Sur les conclusions aux fins d'exécution :
3. Aux termes de l'article L. 911-4 du code de justice administrative : " En cas d'inexécution d'un jugement ou d'un arrêt, la partie intéressée peut demander au tribunal administratif ou à la cour administrative d'appel qui a rendu la décision d'en assurer l'exécution. Toutefois, en cas d'inexécution d'un jugement frappé d'appel, la demande d'exécution est adressée à la juridiction d'appel. Si le jugement ou l'arrêt dont l'exécution est demandée n'a pas défini les mesures d'exécution, la juridiction saisie procède à cette définition. Elle peut fixer un délai d'exécution et prononcer une astreinte (...) ".
En ce qui concerne l'exécution de l'article 2 du jugement :
4. Il est constant que le 21 février 2017, la SCEA de la Vigne du Padoux a, sur le fondement des dispositions précitées du 4° de l'article L. 411-2 du code de l'environnement, déposé auprès de la direction régionale de l'environnement, de l'aménagement et du logement de Bourgogne-Franche-Comté un dossier de demande de dérogation à l'interdiction de destruction d'habitats d'espèces protégées. Il ne résulte pas de l'instruction que le dossier de cette demande serait incomplet au regard des dispositions de l'article 2 de l'arrêté du 19 février 2007 fixant les conditions de demande et d'instruction des dérogations définies au 4° de l'article L. 411-2 du code de l'environnement. Le dépôt par la SCEA de la Vigne du Padoux d'un dossier de demande de dérogation au titre du régime de protection des habitats d'espèces protégées prive ainsi d'objet la demande de la Commission de protection des eaux de Franche-Comté tendant à l'exécution de l'article 2 du jugement du 22 décembre 2016 par lequel le tribunal administratif de Besançon avait enjoint à la préfète du département de la Haute-Saône de mettre en demeure les responsables des travaux réalisés sur les parcelles de la SCEA de la Vigne du Padoux de déposer un tel dossier. Par suite, il n'y a plus lieu de statuer sur cette demande.
En ce qui concerne l'exécution de l'article 3 du jugement :
5. Par un arrêt du même jour, la cour a annulé l'article 3 du jugement du 22 décembre 2016 par lequel le tribunal administratif de Besançon avait enjoint à la préfète du département de la Haute-Saône de prendre des mesures conservatoires visant à geler l'exploitation des parcelles litigieuses en attendant qu'il ait été statué sur la demande de dérogation visée à l'article 2. Par suite, la demande de la Commission de protection des eaux de Franche-Comté tendant à ce qu'il soit enjoint au préfet de la Haute-Saône de décider la suspension de l'exploitation des parcelles mises en valeur par la SCEA de la Vigne du Padoux dans un délai à déterminer et sous astreinte ne peut qu'être rejetée.

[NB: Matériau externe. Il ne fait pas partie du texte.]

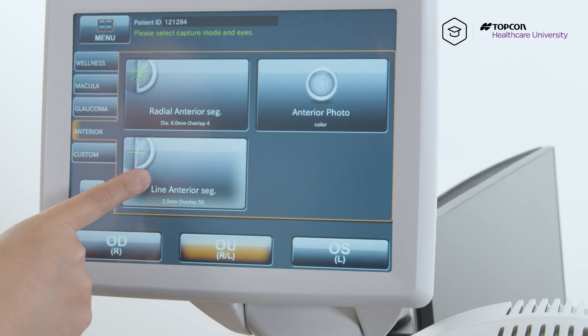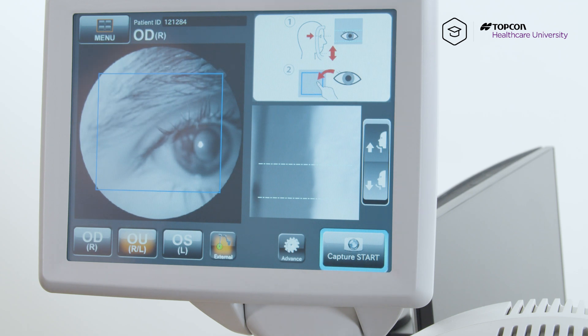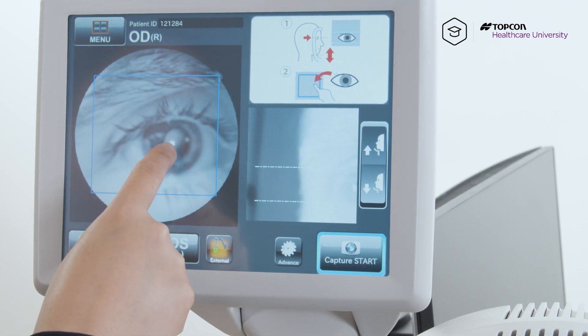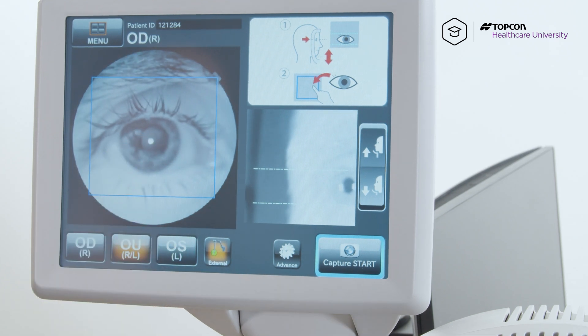We're going to hit line anterior segment. To start off, we're going to center the pupil by tapping on the pupil in the big blue box, and let the patient know to look straight ahead. They're not going to see a target, so just fixate straight ahead and you're going to manually move the camera to image their angles.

Sur les conclusions présentées sur le fondement de l'article L. 761-1 du code de justice administrative :
6. Les dispositions de l'article L. 761-1 du code de justice administrative font obstacle à ce que soit mis à la charge de l'Etat, qui n'est pas, dans la présente instance, la partie perdante, le versement de la somme que la Commission de protection des eaux de Franche-Comté demande au titre des frais exposés par elle et non compris dans les dépens.
Par ces motifs,
DÉCIDE :
Article 1er : Il n'y a plus lieu de statuer sur les conclusions de la requête de la Commission de protection des eaux de Franche-Comté tendant à l'exécution de l'article 2 du jugement du tribunal administratif de Besançon du 22 décembre 2016.
Article 2 : Le surplus des conclusions de la requête est rejeté.
Article 3 : Le présent arrêt sera notifié à la Commission de protection des eaux de Franche-Comté, au ministre de la transition écologique et solidaire et à la SCEA de la Vigne du Padoux.
Copie en sera adressée au préfet de la Haute-Saône.